Możesz powiedzieć, jakim jesteś menadżerem?
– Nie lubię tego pytania. Musisz je zadać piłkarzom Derby, z którymi pracowałem w tamtym roku, oraz piłkarzom Chelsea, z którymi będę pracował. Chcę wykonywać swoją pracę i być blisko zawodników.

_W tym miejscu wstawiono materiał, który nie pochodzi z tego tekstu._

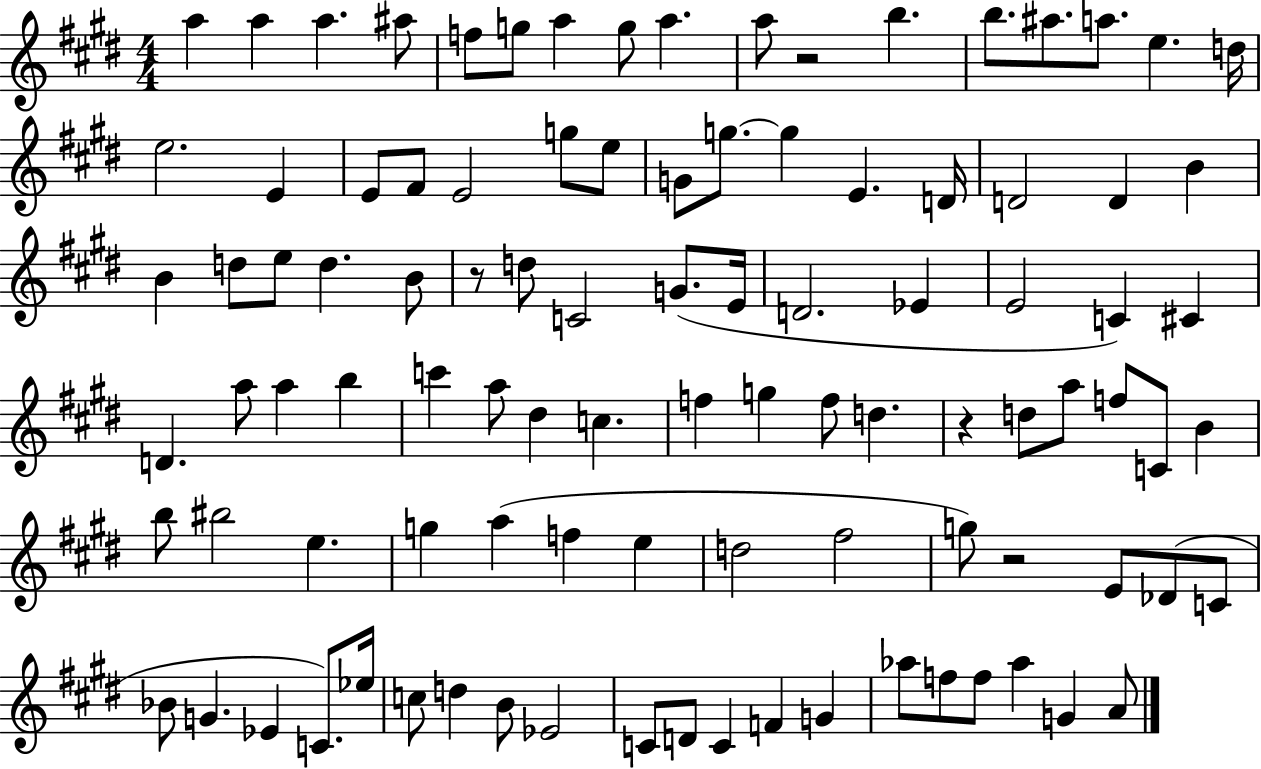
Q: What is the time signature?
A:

Ciągle czuję się młody, ciągle czuje się piłkarzem.
– Wydaje mi się, że wiem czego oni chcą i czego potrzebują. Zawsze ceniłem trenerów, z którymi nawiązywałem relację także poza boiskiem, którzy sprawiali, że czułeś się dobrze i wyciągali z ciebie wszystko co najlepsze, prowadzili cię podczas treningów i wspierali jako piłkarza.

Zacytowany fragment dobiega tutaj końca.